To the many woes besetting the beleaguered housing industry, you can add a sharp drop in the rate of increase in the number of households. The decline is particularly worrisome to housing-market observers because it occurred well before the current recession began.
Although U. S. households have increased in every year since 1900, significant slowdowns in growth have almost invariably coincided with economic downturns. Yet households in the year ended in March, 1990 (the latest annual data available), increased by only 517,000, or 0.56%, at a time when the jobless rate hit its lowest level since 1973. That's the third-smallest annual percentage gain in households in the past 90 years, eclipsed only by the Depression- and recession-induced lows recorded in early 1932 and 1983.
What lies behind this development? Statistics on living arrangements indicate that people in 1989-90 were "doubling up" in various ways. The percentage of married couples without their own households, for example, was the highest in 25 years. There were more subfamilies and unrelated individuals living in households headed by others. And there were fewer young people living alone and more living with siblings or other relatives. "That's the sort of behavior one would expect in response to economic adversity," says economist Michael Carliner of the National Association of Home Builders.
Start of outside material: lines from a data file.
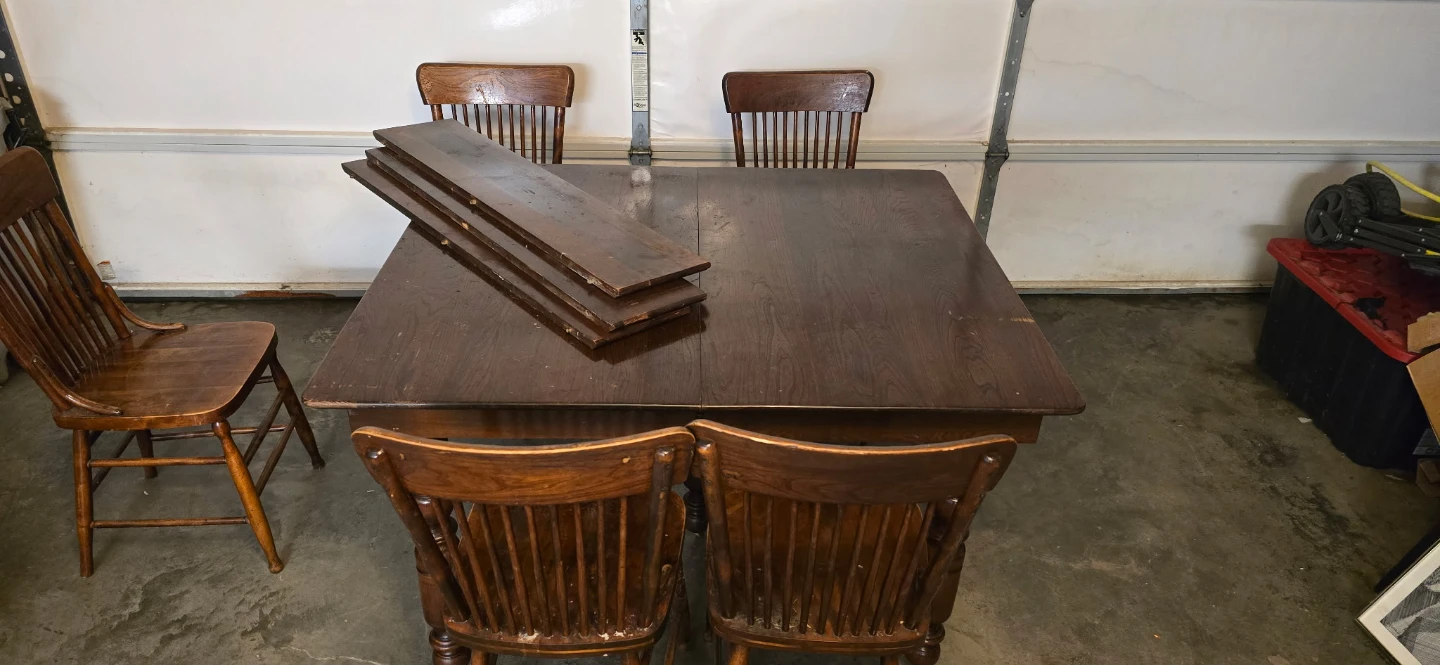 Vintage Wooden Dining Table with Extension Leaves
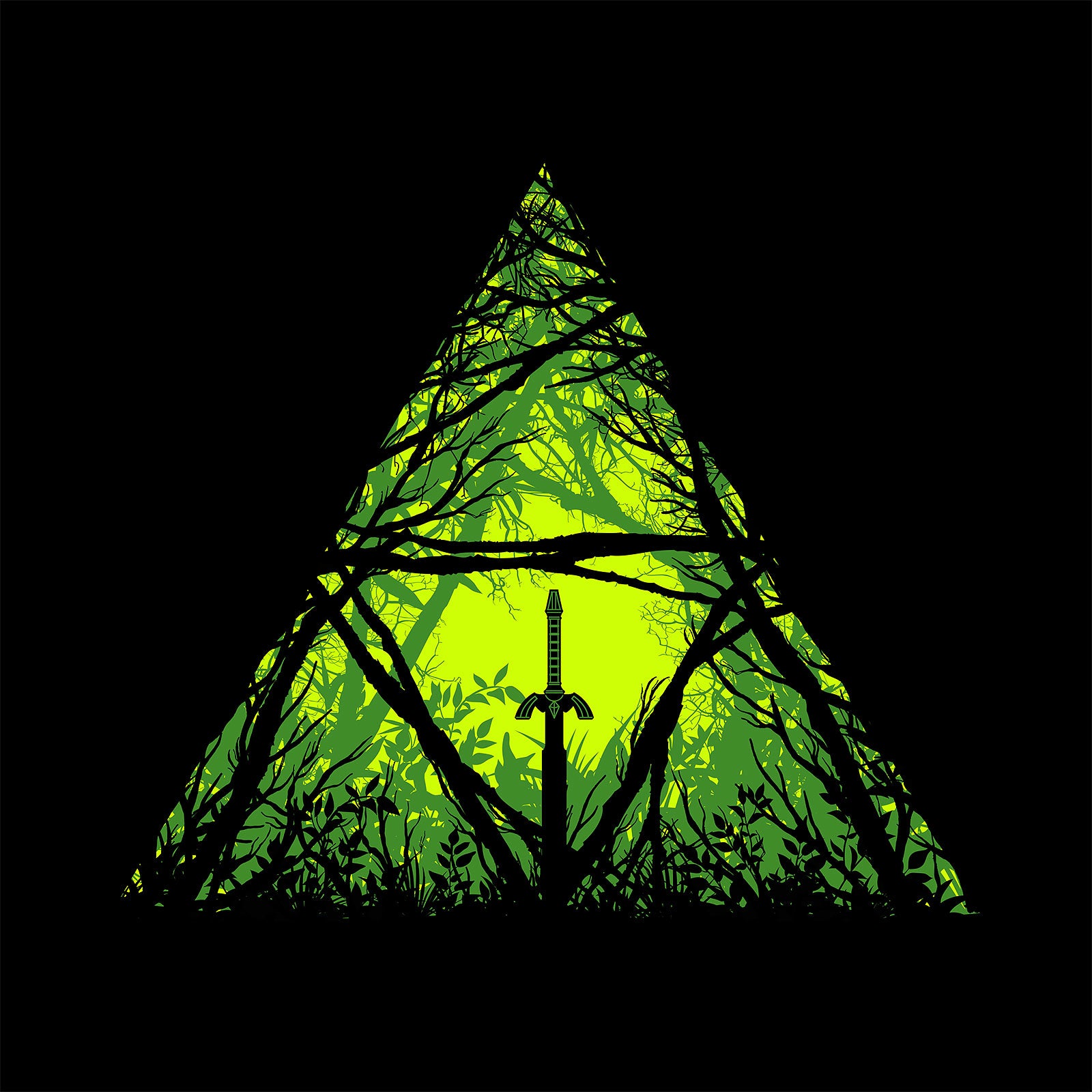 Imagen del producto Camiseta de la Espada Maestra en el bosque para fans de Zelda negra
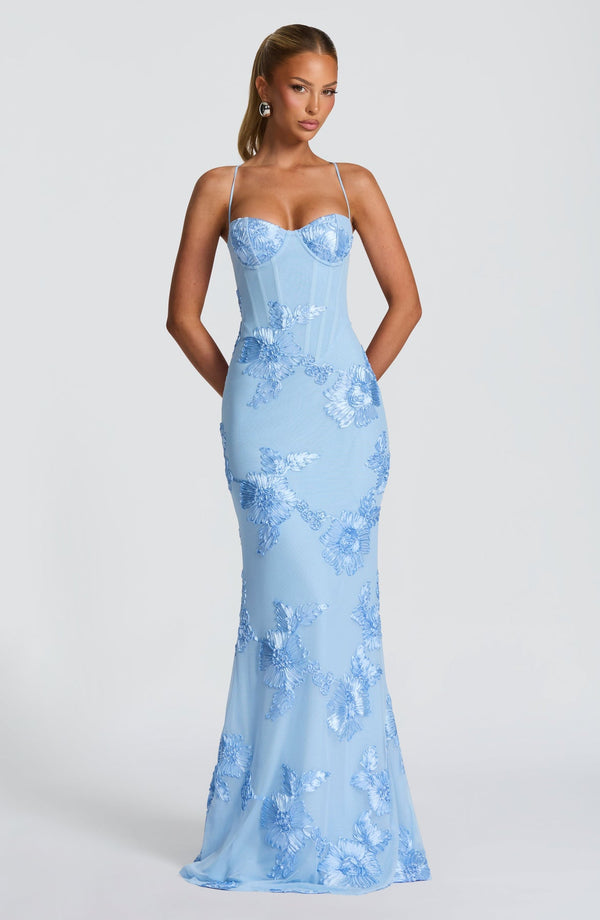 Women’s Maxi Dress with Sweetheart Neckline and Back Lacing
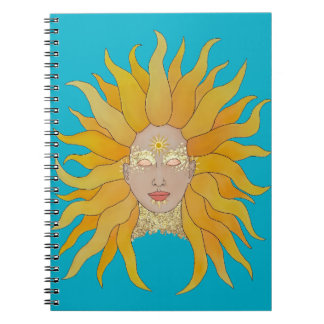 Turquoise geel goud zon geïnspireerd notitieboek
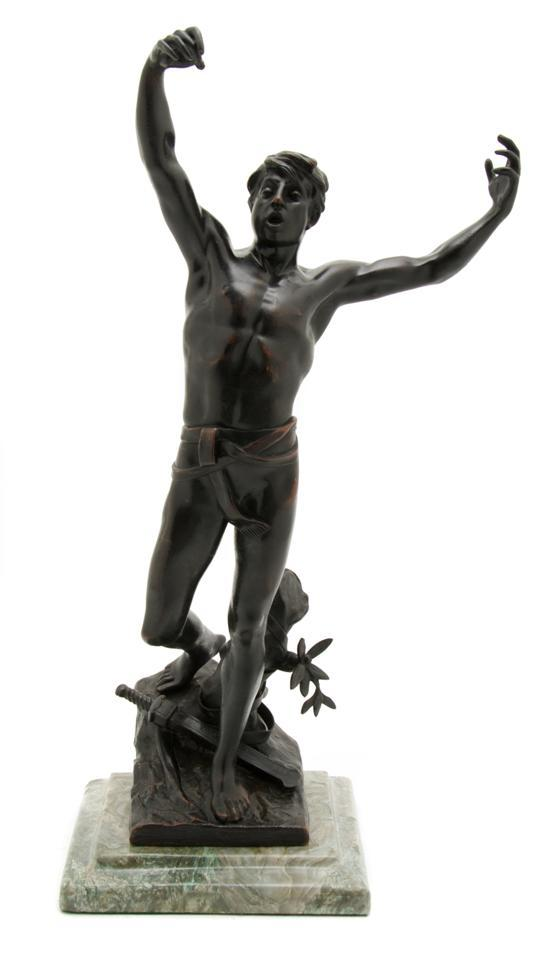 Bronze Sculpture of a Man depicted with outstretched arms above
Economist Richard F. Hokenson of Donaldson, Lufkin & Jenrette Securities Corp. points to the trend away from marriage and other behavioral shifts. The share of 25-to-34-year-olds living with parents is now 11.3% compared with 8% in 1980. And adult men of all ages seem to find it difficult to set up independent living quarters: More than 13% now live in households headed by others.
With net household formation already so weak before the current economic contraction began, Hokenson thinks that there's a good chance the number of households could actually decline this year for the first time in history. That would not only keep housing construction in the cellar for some time but also severely depress real spending on housing services and operations. The upshot might well be a longer and more severe recession than experts are expecting.
Carliner speculates that the current weakness in household growth "creates a potential for a burst of household formations as the economy turns up." But Hokenson is dubious. A continuing slowdown in the growth of the adult population, combined with the rise in households with dependent males, he says, "imply that the recovery in household formations will be modest."